May 15, 2012
If my family and friends were to write me a letter, what address would they use? When I type my name on one of my stories, what address should I give?
It occurred to me that Space Station is a place as deserving of an address as other frontier stations like McMurdo Base or the Amundsen-Scott South Pole Base in Antarctica. These places have formal addresses, complete with zip codes. Even Navy ships have addresses. With the future development of commercial spaceships, I could realistically contemplate someone sending me a letter. So what address would they use? Do they need a zip code? Do you affix an “airmail stamp” or do we create a new category of “rocket mail” stamps? If Space Station were to have an address, instead of writing letters to Santa Claus asking for stuff, kids could write letters to astronauts asking questions about science and engineering.

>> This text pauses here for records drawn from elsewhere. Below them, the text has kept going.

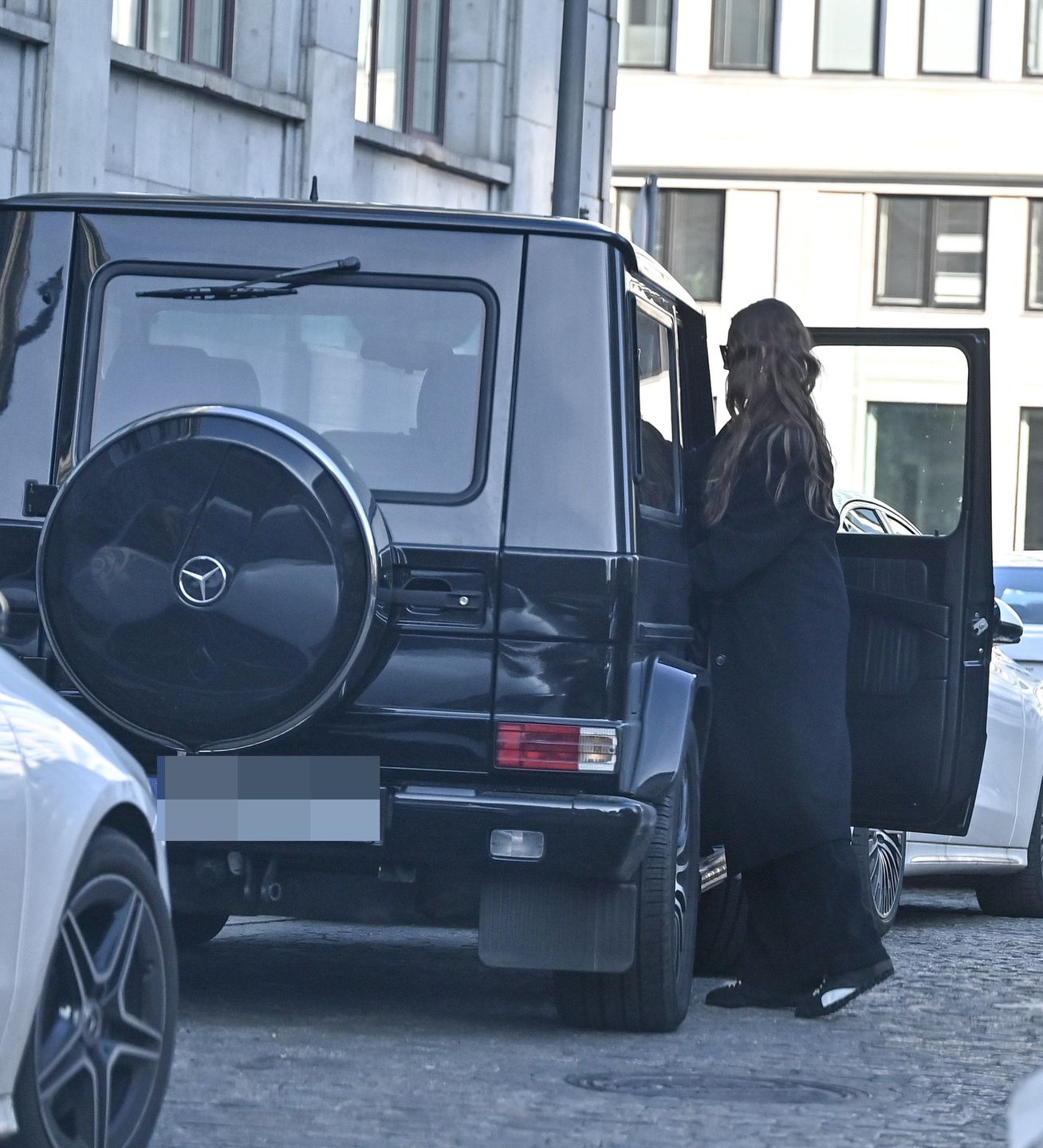 Maja Sablewska parkuje na zakazie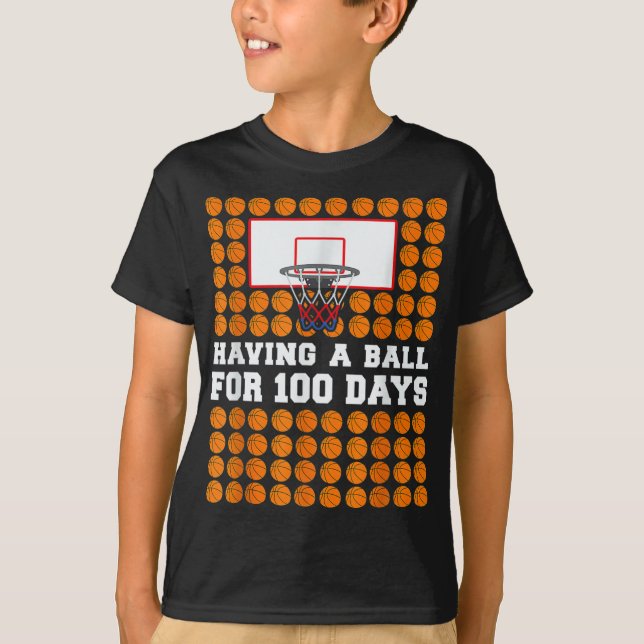 Camiseta 100 Días De Baloncesto Escolar Bolas Del 100º Día  (Anverso)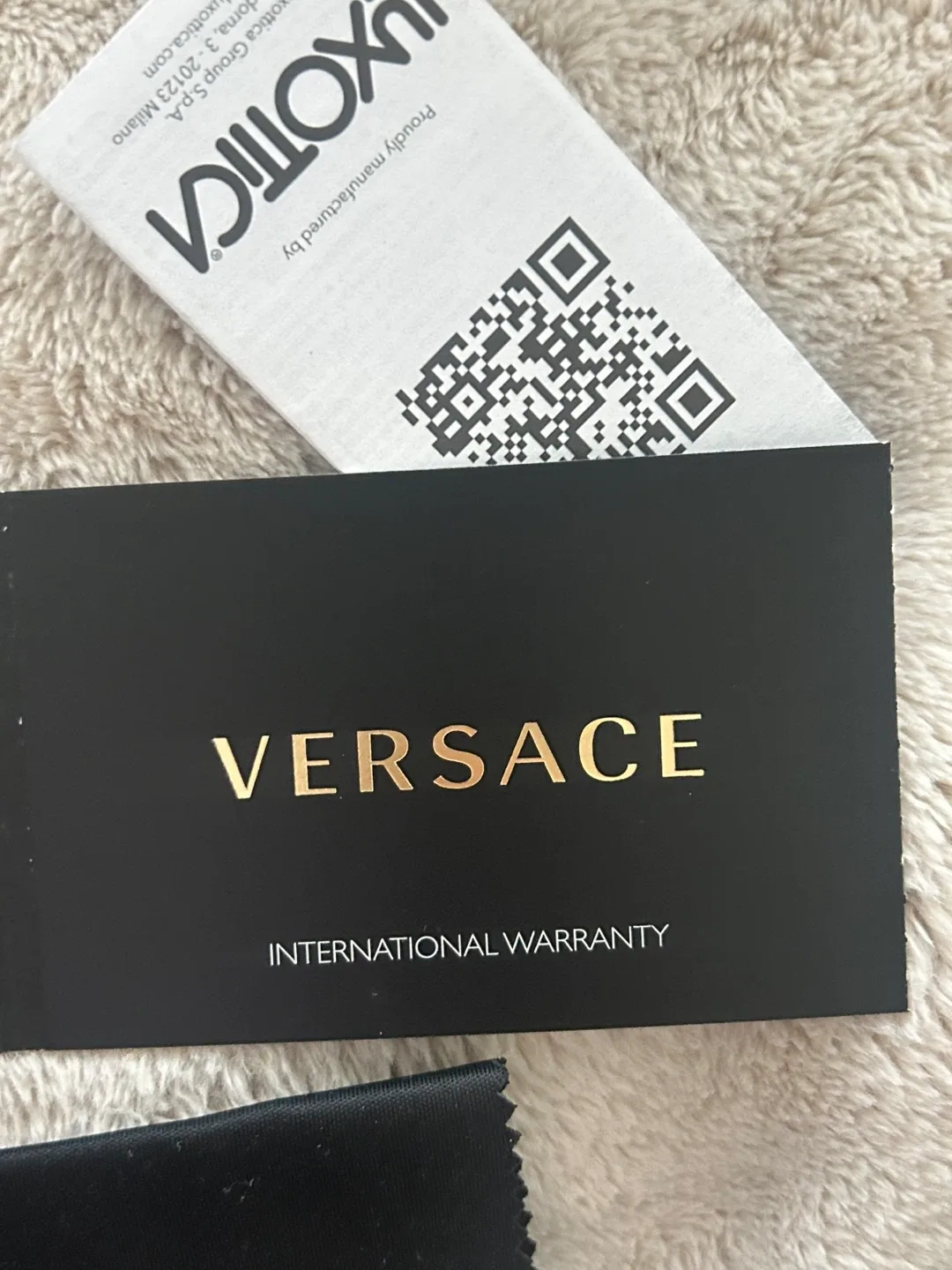 Versace Yellow/Green Sunglasses with International Warranty image indicator(5)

My sleep station, a coffin-sized box, is located in the fifth deck space of Node 2. From an Earth-based perspective, I pop out of my sleep station as if I were coming out of the floor. I am thus situated on the International Space Station (ISS) in Low Earth Orbit (LEO) with an orbital inclination of 51.6 degrees (the angle of our orbit plane to the equator) and an average altitude of 400 kilometers. It occurred to me that my address should be: Node 2, Deck 5, ISS, LEO 51.603. The first three digits of your space zip code would be your orbital inclination and the last two a designator for your particular space station, with ISS being the third in this location (after the Salyut series and Mir). This zip code nomenclature should suffice, at least until there are more than 99 different space stations in orbit.